AAN’s latest discussion paper by Thomas Ruttig provides a first analysis of the former Taleban members on the newly-established Afghan High Peace Council (HPC), of what their possible role may be in this body, their political and historical background as well as the development of their positions vis-à-vis a possible process of negotiations.
An analysis of the 70 HPC members reveals that 53 of them formerly belonged or currently are linked to political groups that were armed factions involved in the civil wars of the 1980-90s. Twelve members of the HPC held positions in the Taleban Emirate’s government between 1996 and 2001.
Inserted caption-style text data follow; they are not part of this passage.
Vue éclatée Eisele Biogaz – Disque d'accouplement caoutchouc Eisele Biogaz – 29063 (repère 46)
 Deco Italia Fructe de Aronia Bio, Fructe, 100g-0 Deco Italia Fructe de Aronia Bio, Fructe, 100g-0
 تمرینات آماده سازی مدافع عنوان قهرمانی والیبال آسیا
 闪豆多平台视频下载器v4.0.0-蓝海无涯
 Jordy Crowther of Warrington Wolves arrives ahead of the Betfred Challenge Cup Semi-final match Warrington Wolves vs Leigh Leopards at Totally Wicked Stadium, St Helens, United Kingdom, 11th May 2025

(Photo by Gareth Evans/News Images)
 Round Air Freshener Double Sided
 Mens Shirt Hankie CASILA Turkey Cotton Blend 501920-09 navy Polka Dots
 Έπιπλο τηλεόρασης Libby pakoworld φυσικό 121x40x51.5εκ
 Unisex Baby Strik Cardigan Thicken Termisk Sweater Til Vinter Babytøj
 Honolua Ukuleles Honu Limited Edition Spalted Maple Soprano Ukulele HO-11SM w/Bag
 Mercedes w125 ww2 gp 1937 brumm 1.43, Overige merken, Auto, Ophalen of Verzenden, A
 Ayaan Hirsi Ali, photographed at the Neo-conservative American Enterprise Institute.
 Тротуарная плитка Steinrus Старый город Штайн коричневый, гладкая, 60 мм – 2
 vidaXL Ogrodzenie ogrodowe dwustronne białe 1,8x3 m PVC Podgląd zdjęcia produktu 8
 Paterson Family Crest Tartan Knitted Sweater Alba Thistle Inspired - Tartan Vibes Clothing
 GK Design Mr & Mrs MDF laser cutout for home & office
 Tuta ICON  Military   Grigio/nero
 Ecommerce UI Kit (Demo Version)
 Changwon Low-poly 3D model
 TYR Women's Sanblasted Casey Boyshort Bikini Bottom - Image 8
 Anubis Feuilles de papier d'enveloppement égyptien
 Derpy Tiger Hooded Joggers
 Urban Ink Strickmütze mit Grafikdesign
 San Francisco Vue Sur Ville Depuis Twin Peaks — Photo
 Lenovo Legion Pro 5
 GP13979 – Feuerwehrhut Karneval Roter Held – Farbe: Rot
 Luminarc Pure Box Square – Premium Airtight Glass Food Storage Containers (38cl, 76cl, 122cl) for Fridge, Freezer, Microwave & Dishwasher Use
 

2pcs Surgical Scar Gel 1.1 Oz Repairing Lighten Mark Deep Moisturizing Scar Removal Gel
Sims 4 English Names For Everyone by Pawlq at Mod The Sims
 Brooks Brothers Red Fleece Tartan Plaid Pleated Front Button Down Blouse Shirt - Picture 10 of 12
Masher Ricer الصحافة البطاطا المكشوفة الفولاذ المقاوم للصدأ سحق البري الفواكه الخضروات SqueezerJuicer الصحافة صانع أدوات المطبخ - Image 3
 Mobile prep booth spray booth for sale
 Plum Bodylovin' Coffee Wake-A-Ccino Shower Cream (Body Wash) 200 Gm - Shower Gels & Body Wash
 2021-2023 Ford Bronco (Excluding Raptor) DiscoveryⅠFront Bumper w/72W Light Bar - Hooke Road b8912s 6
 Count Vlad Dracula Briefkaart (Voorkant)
Within the dozen or so former Taleban on the HPC, a group of four to six individuals is the most interesting one. It is rooted in the Khuddam ul-Furqan(KhF), an Islamist group already founded in the 1960s, long before the emergence of the Taleban movement to which it later contributed. This long political history gives its members strong political cohesion and contributed to the formulation of a distinct position vis-à-vis a possible peace process that not many other similar groups have developed. Members of this group have already attempted to obtain a role as pioneer thinkers on peace and reconciliation-related issues, from the angle of their former Taleban membership.
In mid-2008, the group launched a 7-point plan under the self-explanatory title ‘Sola gam pe gam’ (Peace Step by Step) and distributed it among major actors in Kabul. Its members indicated that this proposal had been discussed with or even approved by the Taleban leadership. Although it did not come to bear at that time, it influenced thinking about an approach to possible negotiations with the Taleban at least amongst elements of the Afghan government. Members of the group have resumed presenting these ideas to the public after their appointment to the HPC, in particular with respect to confidence-building measures.
The KhF group on the HPC might prove to become a meaningful channel for eventual contacts or negotiations with the Taleban. But it remains to be seen whether it will be able to reach out to the Mansur network within the larger Taleban movement, or even to its leadership in the ‘Quetta shura’.